Teresa, por sua vez, é o seu contrário. A sua posição perante a vida é a de fraqueza porque não tem poder de escolha. Como consequência, tem de encarar a imundice humana do bar onde trabalha. A mãe dá-lhe uma visão suja e imunda do seu corpo. A sua própria fraqueza permite-lhe antever, portanto, o lado pesado da vida. A fraqueza surge, assim, associada ao peso. Quando se conhecem e, posteriormente, se dá invasão russa, Teresa começa a descobrir uma maior força dentro de si e descobre, por uma vez, o que pode ser o lado leve da vida. É o peso a transformar-se em força. Já Tomás vê a sua posição social e estilo de vida a deteriorarem-se, vê-se numa posição mais fraca. Além disso, Teresa puxa-o à sua condição e prende-o. Começa a sentir, por sua vez, o lado mais pesado da vida. Mas, quando a sua companheira constata que Tomás poderia tomar uma decisão que seria mais proveitosa para ele e não o fez por sua causa, pergunta-lhe se não se sente arrependido. Tomás responde que não. Ou seja, está preso a ela não por obrigação, fatalidade ou porque tem de ser.

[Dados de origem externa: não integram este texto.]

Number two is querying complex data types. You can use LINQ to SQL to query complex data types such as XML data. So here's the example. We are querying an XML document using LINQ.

Está preso a ela porque foi a sua escolha deliberada. Ele troca a leveza pelo peso por escolha. Volta-se a relembrar: “…o fardo mais pesado é também, ao mesmo tempo, a imagem do momento mais intenso de realização de uma vida. Quanto mais pesado for o fardo, mais próxima da terra se encontra a nossa vida e mais real e verdadeira é. Em contrapartida, a ausência total de fardo faz com que o ser humano se torne mais leve do que o ar, fá-lo voar, afastar-se da terra, do ser terrestre, torna-o semi-real e os seus movimentos tão livres quanto insignificantes. Que escolher, então? O peso ou a leveza?”.

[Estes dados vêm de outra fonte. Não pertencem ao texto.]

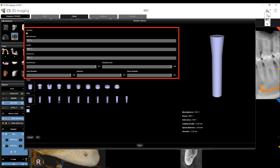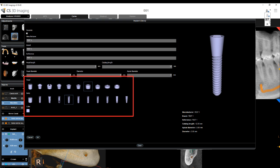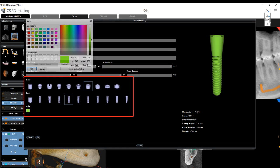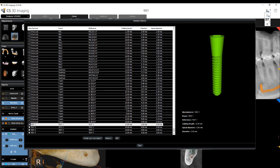Specify the manufacturer, brand, reference, length, apical diameter, and diameter. Then use the head, body, and color picker to configure the shape and color of the new implant. Click OK. The new implant is added to the implant library.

Isto leva-nos ao conceito de amor-fati, que acaba por ser uma resposta à prisão e ao determinismo do eterno-retorno. O amor-fati não é mais do que a nossa coragem de seguir os nossos verdadeiros amores, mesmo que isso nos coloque na posição mais fraca da vida. Aceitar as consequências de seguirmos os nossos próprios passos. Uma vida leve e forte faria sentido sem o peso e a fraqueza que o amor tem? Eis a questão do livro.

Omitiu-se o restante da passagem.